- [WORK INSTRUCTIONS] The response must consist of the lines below from the one with "Close-up of a" through the one with "Long Dress Women", exactly as they appear and with both ends kept.

- [SUPPLIED RECORDS]
------------------------------------------------
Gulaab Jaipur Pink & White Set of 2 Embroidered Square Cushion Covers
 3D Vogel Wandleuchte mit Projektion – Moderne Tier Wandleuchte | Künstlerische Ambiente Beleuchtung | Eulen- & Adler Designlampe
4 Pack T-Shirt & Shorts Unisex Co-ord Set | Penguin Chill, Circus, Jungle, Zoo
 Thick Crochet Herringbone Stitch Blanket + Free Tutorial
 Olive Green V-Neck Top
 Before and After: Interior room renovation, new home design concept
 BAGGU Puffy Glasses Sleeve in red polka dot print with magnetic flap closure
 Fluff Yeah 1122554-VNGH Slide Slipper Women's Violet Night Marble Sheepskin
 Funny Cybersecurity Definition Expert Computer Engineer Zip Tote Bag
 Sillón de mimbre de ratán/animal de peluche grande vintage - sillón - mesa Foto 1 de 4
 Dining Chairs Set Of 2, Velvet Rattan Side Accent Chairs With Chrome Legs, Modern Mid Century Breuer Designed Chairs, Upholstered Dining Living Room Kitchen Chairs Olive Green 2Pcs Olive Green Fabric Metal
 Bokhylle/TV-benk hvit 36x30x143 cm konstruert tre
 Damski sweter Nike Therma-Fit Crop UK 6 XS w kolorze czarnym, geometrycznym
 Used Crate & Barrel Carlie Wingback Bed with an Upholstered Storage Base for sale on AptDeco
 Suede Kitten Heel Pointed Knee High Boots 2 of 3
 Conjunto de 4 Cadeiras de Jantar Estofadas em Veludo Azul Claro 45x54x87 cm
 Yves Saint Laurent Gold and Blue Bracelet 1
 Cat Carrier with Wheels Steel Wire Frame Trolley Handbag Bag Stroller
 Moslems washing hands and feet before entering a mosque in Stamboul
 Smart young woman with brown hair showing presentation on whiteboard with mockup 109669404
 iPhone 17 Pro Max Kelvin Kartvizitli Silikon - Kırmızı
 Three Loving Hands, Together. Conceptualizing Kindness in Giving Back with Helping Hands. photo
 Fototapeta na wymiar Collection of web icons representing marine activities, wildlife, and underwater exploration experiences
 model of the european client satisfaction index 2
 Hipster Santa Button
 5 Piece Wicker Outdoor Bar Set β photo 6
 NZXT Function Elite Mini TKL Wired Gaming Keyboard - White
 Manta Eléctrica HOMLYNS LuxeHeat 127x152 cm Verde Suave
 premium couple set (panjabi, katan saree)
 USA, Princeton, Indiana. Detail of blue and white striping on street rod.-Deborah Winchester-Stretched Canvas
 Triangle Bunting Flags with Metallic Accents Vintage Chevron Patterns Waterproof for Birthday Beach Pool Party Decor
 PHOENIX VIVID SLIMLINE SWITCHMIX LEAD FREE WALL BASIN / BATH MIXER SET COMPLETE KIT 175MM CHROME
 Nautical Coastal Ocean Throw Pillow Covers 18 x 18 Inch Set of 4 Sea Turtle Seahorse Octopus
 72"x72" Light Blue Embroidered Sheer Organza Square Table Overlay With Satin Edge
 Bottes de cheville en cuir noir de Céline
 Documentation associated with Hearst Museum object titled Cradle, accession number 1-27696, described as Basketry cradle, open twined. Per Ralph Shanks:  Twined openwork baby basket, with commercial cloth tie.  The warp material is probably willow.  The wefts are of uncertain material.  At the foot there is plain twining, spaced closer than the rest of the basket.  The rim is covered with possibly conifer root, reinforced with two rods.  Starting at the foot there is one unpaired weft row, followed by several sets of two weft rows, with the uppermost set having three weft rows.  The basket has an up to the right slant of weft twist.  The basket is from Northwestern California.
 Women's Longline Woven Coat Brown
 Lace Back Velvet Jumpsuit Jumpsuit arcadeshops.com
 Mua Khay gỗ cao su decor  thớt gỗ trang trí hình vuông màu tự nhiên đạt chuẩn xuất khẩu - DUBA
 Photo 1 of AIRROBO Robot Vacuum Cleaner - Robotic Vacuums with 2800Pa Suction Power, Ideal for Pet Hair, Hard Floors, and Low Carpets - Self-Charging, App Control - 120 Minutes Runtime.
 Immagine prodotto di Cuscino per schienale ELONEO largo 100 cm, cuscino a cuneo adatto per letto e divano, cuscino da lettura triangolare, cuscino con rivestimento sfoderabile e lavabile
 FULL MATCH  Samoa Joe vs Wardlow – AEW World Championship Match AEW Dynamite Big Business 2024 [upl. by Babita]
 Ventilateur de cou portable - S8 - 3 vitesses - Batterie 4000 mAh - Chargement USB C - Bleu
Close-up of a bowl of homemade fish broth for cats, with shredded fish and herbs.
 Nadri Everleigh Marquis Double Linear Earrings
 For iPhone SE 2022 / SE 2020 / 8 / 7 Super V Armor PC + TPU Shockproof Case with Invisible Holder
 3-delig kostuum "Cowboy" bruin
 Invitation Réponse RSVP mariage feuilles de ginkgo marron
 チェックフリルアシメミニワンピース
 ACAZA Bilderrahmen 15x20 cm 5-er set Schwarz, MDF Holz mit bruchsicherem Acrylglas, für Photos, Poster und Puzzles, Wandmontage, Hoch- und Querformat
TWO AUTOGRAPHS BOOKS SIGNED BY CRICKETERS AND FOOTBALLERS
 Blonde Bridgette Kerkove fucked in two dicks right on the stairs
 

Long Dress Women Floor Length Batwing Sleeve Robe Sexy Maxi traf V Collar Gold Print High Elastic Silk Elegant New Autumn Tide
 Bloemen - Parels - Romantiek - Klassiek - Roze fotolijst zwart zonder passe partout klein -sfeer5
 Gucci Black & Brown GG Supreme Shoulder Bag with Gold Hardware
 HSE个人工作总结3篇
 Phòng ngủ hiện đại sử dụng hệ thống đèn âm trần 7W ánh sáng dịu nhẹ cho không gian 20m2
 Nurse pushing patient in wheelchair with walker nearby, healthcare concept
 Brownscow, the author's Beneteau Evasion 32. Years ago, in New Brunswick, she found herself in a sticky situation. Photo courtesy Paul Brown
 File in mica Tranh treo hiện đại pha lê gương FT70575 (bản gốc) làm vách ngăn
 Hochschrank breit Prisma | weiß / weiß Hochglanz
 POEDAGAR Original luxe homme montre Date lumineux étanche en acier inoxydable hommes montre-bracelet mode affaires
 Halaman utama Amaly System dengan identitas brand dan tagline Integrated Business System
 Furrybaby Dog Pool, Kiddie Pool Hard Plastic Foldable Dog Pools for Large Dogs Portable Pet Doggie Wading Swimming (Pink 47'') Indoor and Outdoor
------------------------------------------------
- [ANSWER SECTION]
Close-up of a bowl of homemade fish broth for cats, with shredded fish and herbs.
 Nadri Everleigh Marquis Double Linear Earrings
 For iPhone SE 2022 / SE 2020 / 8 / 7 Super V Armor PC + TPU Shockproof Case with Invisible Holder
 3-delig kostuum "Cowboy" bruin
 Invitation Réponse RSVP mariage feuilles de ginkgo marron
 チェックフリルアシメミニワンピース
 ACAZA Bilderrahmen 15x20 cm 5-er set Schwarz, MDF Holz mit bruchsicherem Acrylglas, für Photos, Poster und Puzzles, Wandmontage, Hoch- und Querformat
TWO AUTOGRAPHS BOOKS SIGNED BY CRICKETERS AND FOOTBALLERS
 Blonde Bridgette Kerkove fucked in two dicks right on the stairs
 

Long Dress Women Floor Length Batwing Sleeve Robe Sexy Maxi traf V Collar Gold Print High Elastic Silk Elegant New Autumn Tide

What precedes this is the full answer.